Through COVID-19 and the economic turmoil of the last decade, Ruparelia keeps his head and keeps on investing.
Ruparelia has $200 million sunk in eight construction projects including a
65,000 square metre hotel extension, an office block of 35,000 square metres A new office development starting this year. He believes entrepreneurs can get between 18 and 25 per cent returns on real estate in Uganda.
“It is incredible, we haven’t even launched yet and already 30 per cent of the apartments are gone,” he says…
On the financial side, Ruparelia, since the last time we spoke in 2021, has regained control of the bank he built – Crane Bank – through a string of drawn-out court cases. Now he is following up with a $340 million lawsuit in London against 15 parties whom, he claims, bought his bank for a song. He has two legal teams working on the case in London.
“We have a very high chance of going through and a very strong argument so my belief is we are on strong ground.”
The billionaire believes the world economy is set for more turmoil this year; a sentiment backed up by an economic outlook statement by Fitch Ratings on June 13.
“Recent lockdowns in China are adding to global manufacturing supply-chain pressures. Energy and food supply disruptions from the Russia-Ukraine war are having a swifter impact on European inflation than expected. Inflation pressures are also building in the services sector, particularly in the US and UK, where tight labour markets are boosting nominal wage growth. Fitch has revised up its inflation forecasts widely and sharply, particularly for Europe in 2H22,” says Fitch Ratings.

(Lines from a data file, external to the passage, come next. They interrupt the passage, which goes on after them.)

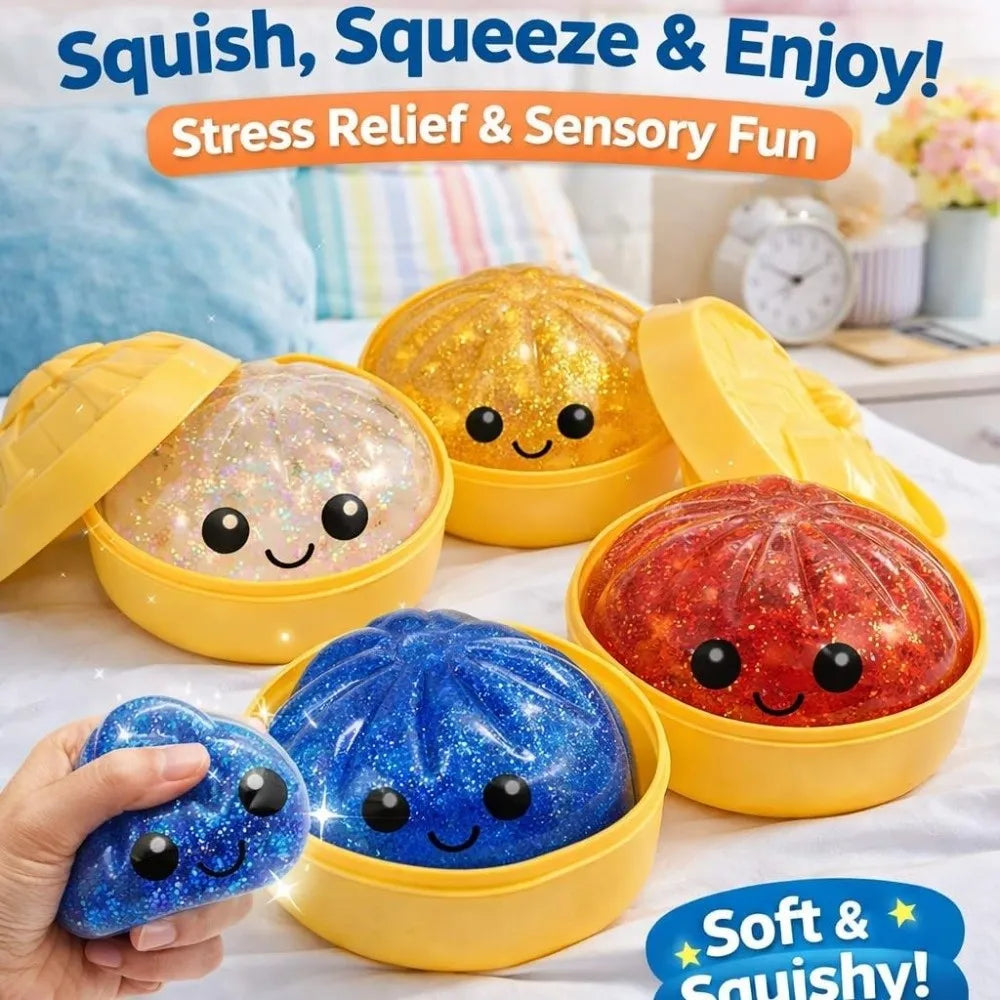 Glitter Dumplings Squishy Soft with Steamer Steamed Bun Squishy Pinch Le Fidget Slow Resilience Squeeze Decompression Dough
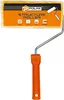A paint roller with a yellow textured roller head and an orange handle, presented in its packaging. Podgląd zdjęcia produktu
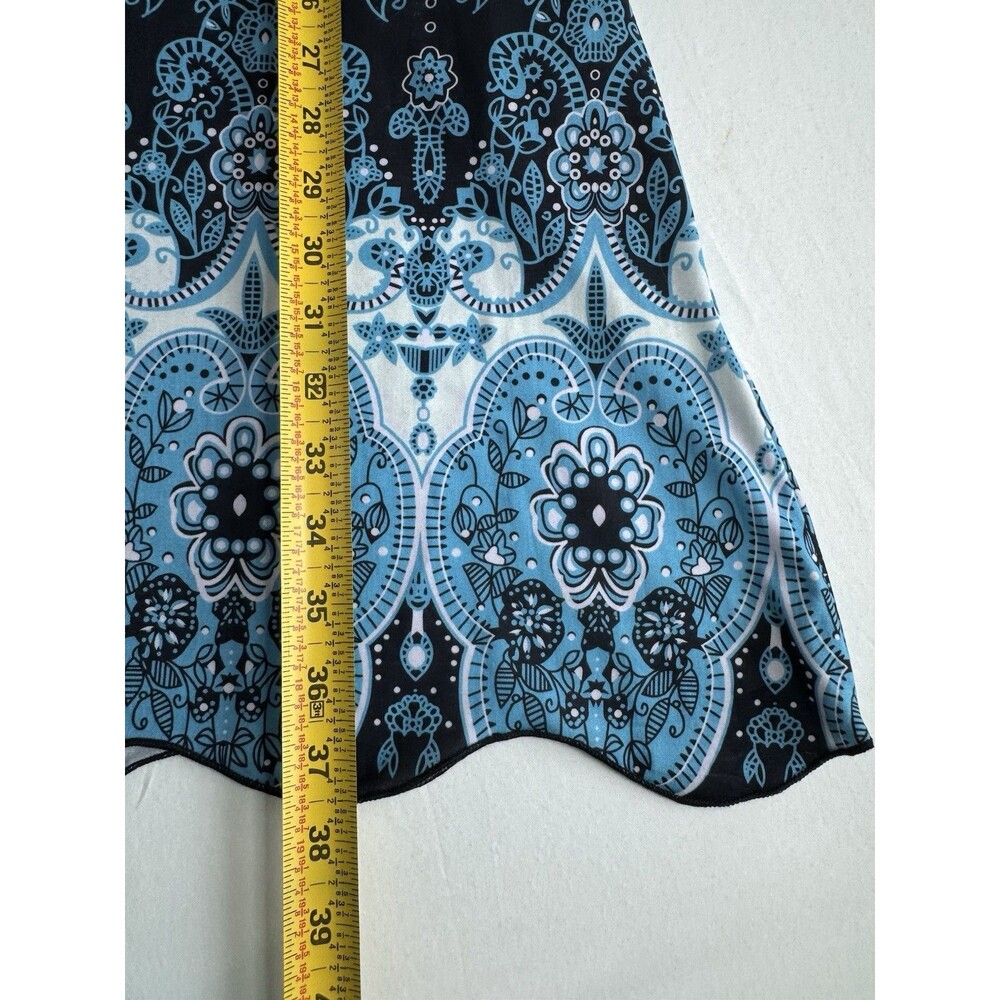 R&B Collection Border Print Shift Dress Size 1X Black Blue Paisley Boho Knit - Picture 6 of 10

“We have lowered our world 2022 GDP growth forecast by 0.6pp since the March GEO to 2.9%. The biggest revision is to China where we now expect growth to fall to 3.7% this year, down from 4.8% in March. We have revised down our growth forecasts for the US by 0.6pp to 2.9% and eurozone by 0.4pp to 2.6%. We have cut our world growth projection for 2023 by 0.1pp to 2.7%. The lockdown in Shanghai will lead China’s GDP to fall in sequential quarterly terms in 2Q22 and with the ‘dynamic-zero’ Covid-19 policy still in place, we do not see a swift bounce back. In the eurozone, inflation will drag on consumers’ real incomes, and German industry is being hit by supply-chain disruptions and the China slowdown.”
Ruparelia believes the struggles of northern hemisphere economies could play into the hand of emerging African economies like Uganda.

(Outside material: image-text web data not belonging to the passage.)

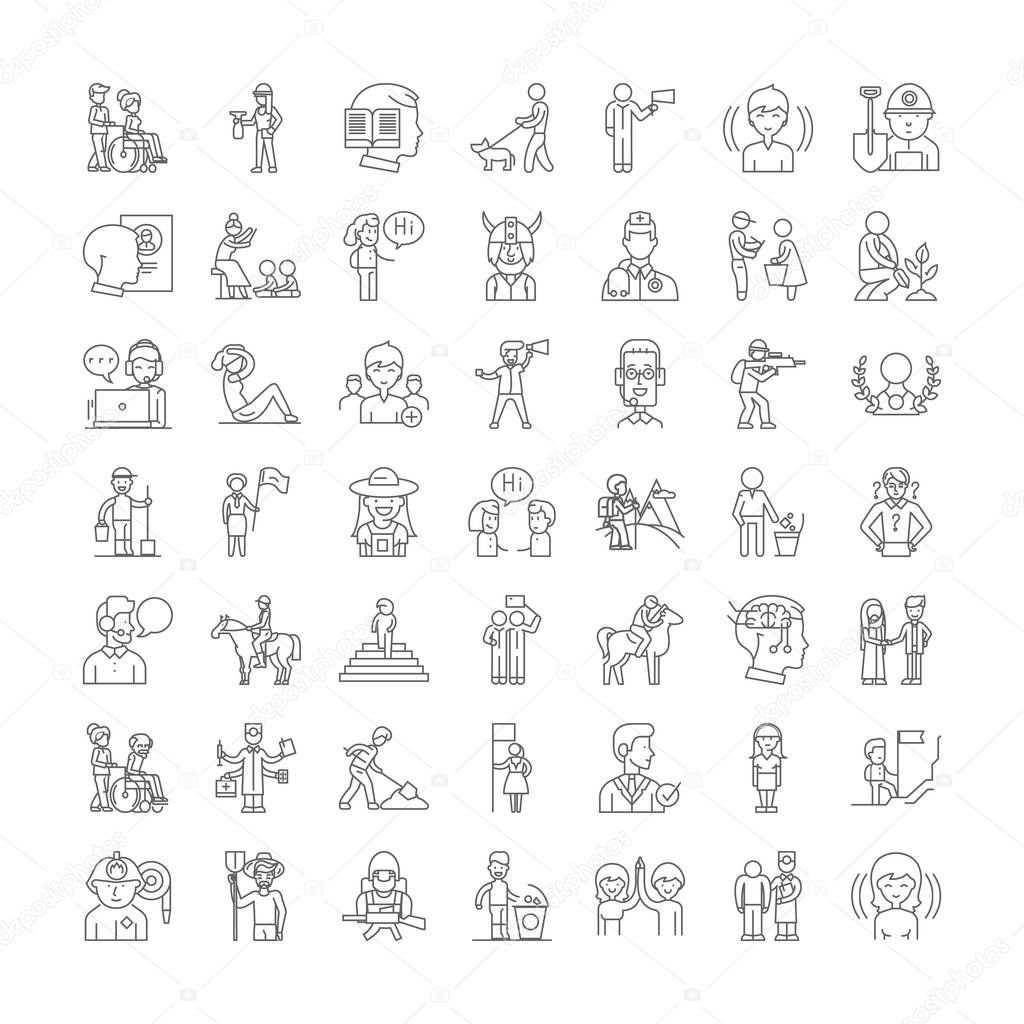 Charity community line icons, signs, symbols vector, linear illustration set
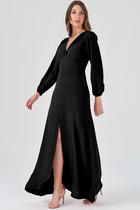 Vestido Longo PKS Com Fenda Preto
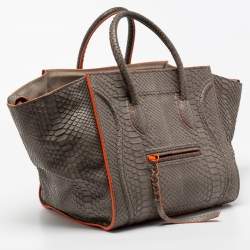Pre Owned Celine Grey/Neon Orange Python Leather Medium Phantom Luggage Tote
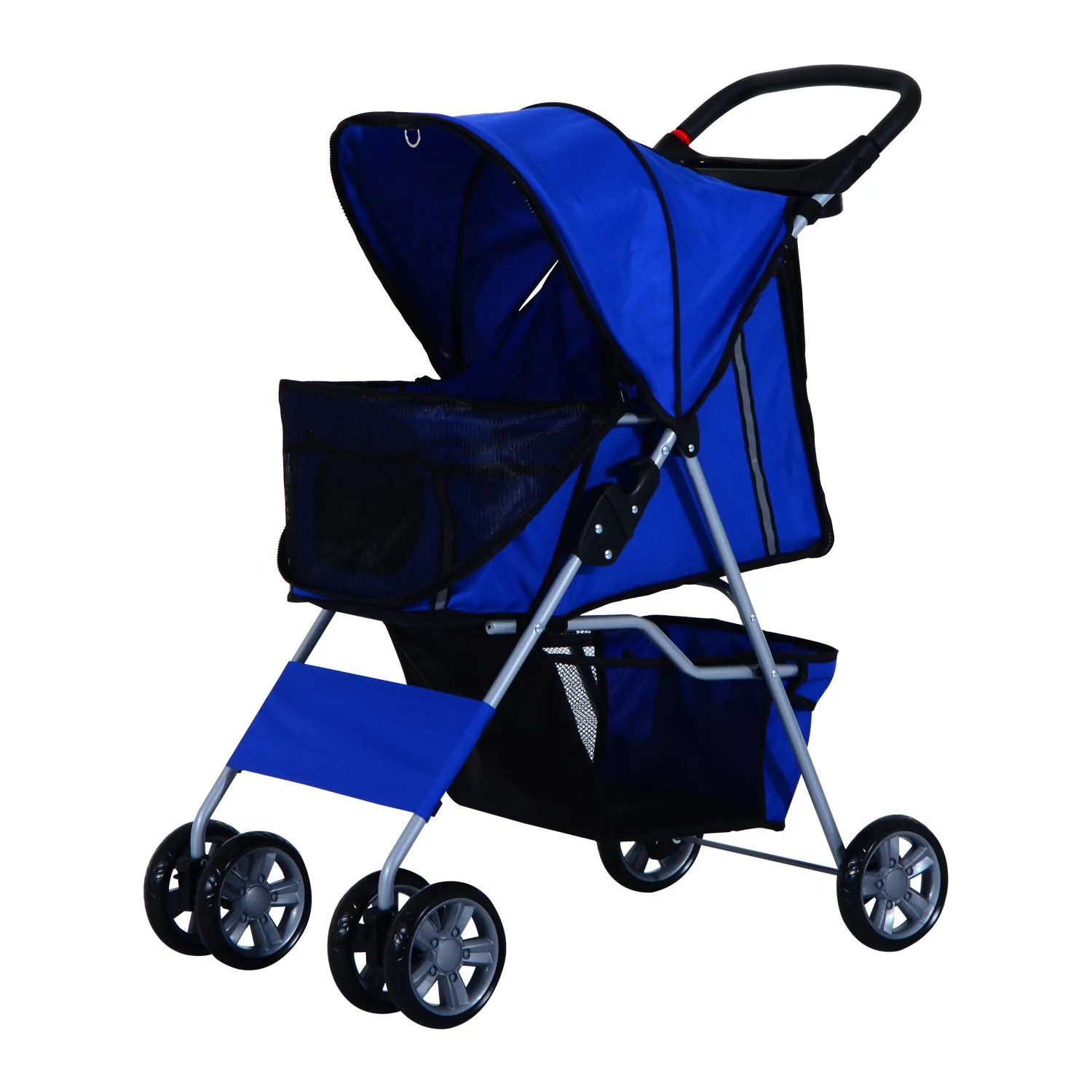 Pet Blue Stroller W/ 4 Wheels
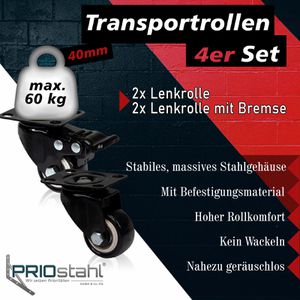 Produktbild für Möbelrolle PRIOstahl mit Anschraubplatte, 4-teilig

“The cost of borrowing is going to go up from the European western point of view. They need to control inflation and the only way they can control inflation is through interest rates. If interest rates are raised in the west it is going to affect the rest of the world. So, we feel, despite all of this there is still a lot of money out in the west and they need to invest somewhere.”

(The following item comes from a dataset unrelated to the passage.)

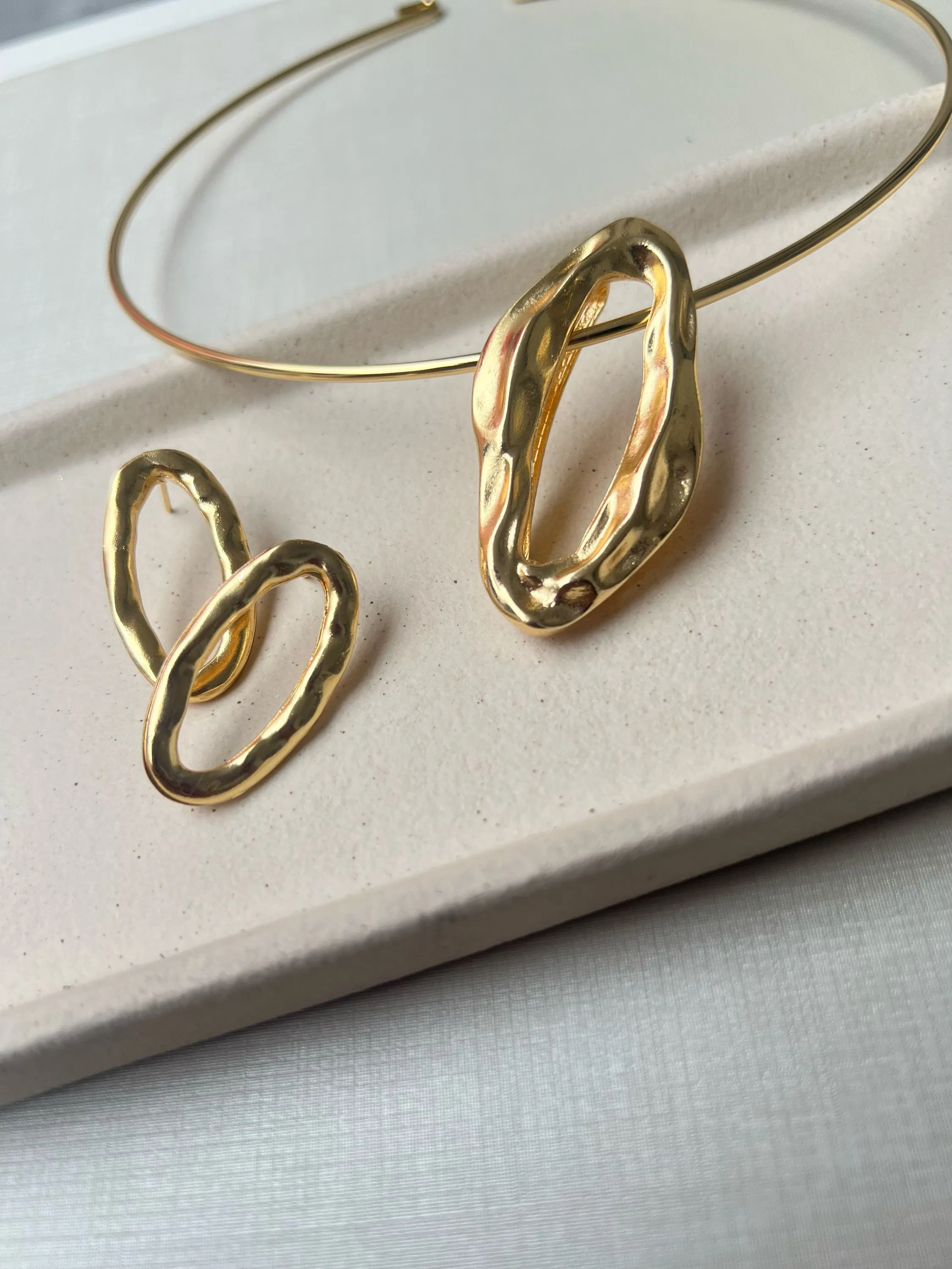 Conjunto Choker aro e brinco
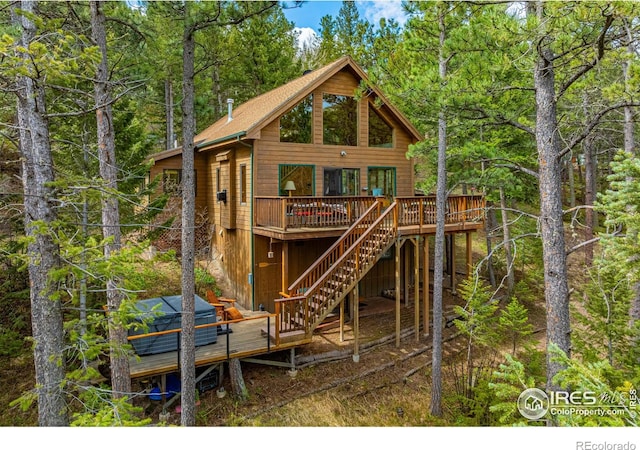 743 Hickory Dr, Lyons, CO 80540 - view of jungle gym featuring a wooden deck and stairway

That somewhere could be Uganda, he feels, if the nation can come up with good projects, increased infrastructure and decreased bureaucracy.
“It can take six months to get planning permission here, but, in the UK, it can take up to two years, so it is not all bad here,” he says.
“The usual problem is here you might have electricity buzz one of your transformers, you have You have the authorities other members of parliament, everybody wants to get involved in everything you do. This is the kind of problem we have here and what is also interesting is in Europe and South Africa you can plan your things many years ahead in terms of development. In this part of the world we have management by crisis meaning you wake up in the morning and find what are your immediate problems and you resolve these first. Then you go to your office and do your business.”
What would Ruparelia say to African entrepreneurs who have also lost millions or, maybe, merely sitting amid the ruins of their street corner business? “Sorry mate, try again, don’t give up.”